BACKGROUNDPrinted, typewritten, and handwritten documents have long been used for recording and storing information. Despite current trends towards paperless offices, printed documents continue to be widely used in commercial, institutional, and home environments. With the development of modern computer systems, the creation, storage, retrieval, and transmission of electronic documents has evolved, in parallel with continued use of printed documents, into an extremely efficient and cost-effective alternative information-recording and information-storage medium. Because of overwhelming advantages in efficiency and cost effectiveness enjoyed by modern electronic-document-based information storage and information transactions, printed documents are routinely converted into electronic documents by various methods and systems, including conversion of printed documents into digital scanned-document images using electro-optico-mechanical scanning devices, digital cameras, and other devices and systems followed by automated processing of the scanned-document images to produce electronic documents encoded according to one or more of various different electronic-document-encoding standards. As one example, it is now possible to employ a desktop scanner and sophisticated optical-character-recognition (“OCR”) programs running on a personal computer to convert a printed-paper document into a corresponding electronic document that can be displayed and edited using a word-processing program.

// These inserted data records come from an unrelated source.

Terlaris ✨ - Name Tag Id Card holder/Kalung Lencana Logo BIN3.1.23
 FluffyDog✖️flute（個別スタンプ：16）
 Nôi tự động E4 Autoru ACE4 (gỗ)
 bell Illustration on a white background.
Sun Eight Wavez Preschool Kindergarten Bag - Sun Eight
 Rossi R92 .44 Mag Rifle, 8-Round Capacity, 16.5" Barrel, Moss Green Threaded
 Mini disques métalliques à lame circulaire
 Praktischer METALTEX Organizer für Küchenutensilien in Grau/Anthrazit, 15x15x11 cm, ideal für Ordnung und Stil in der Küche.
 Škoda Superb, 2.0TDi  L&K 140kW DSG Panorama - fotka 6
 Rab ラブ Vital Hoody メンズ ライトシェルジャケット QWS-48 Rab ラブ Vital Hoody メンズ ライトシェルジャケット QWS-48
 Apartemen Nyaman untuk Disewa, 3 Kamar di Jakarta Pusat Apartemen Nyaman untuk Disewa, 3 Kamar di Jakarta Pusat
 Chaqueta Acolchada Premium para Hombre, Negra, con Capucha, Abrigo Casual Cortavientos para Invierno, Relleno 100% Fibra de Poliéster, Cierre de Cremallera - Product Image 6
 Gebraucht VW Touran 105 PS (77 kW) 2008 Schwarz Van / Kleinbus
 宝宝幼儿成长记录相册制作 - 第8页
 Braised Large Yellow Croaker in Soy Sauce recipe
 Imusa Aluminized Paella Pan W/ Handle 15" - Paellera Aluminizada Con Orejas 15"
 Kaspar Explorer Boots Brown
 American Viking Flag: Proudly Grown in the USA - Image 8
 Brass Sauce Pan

While modern OCR programs have advanced to the point that complex printed documents that include pictures, frames, line boundaries, and other non-text elements as well as text symbols of any of many common alphabet-based languages can be automatically converted to electronic documents, challenges remain with respect to accurate automatic classification of documents, whether produced from OCR processing or acquired from various sources of unclassified electronic documents, including documents harvested from Internet searches and other online document sources. Accurate classification of a document provides a basis for many types of refinement and processing of the document based on the document type.
SUMMARYThe current document is directed to methods and systems that classify electronic documents. In one implementation, multiple hypotheses for the type and structure of the document are automatically generated or identified. A page hypothesis is selected for each page of the document, using one or more page hypotheses already selected for one or more neighboring pages when such already selected page hypotheses are available. The selected page hypotheses are then used to automatically select one of the multiple document hypotheses and a corresponding document type, following which various document-processing and document-refinement operations can be applied to the document according to the selected document hypothesis and document type.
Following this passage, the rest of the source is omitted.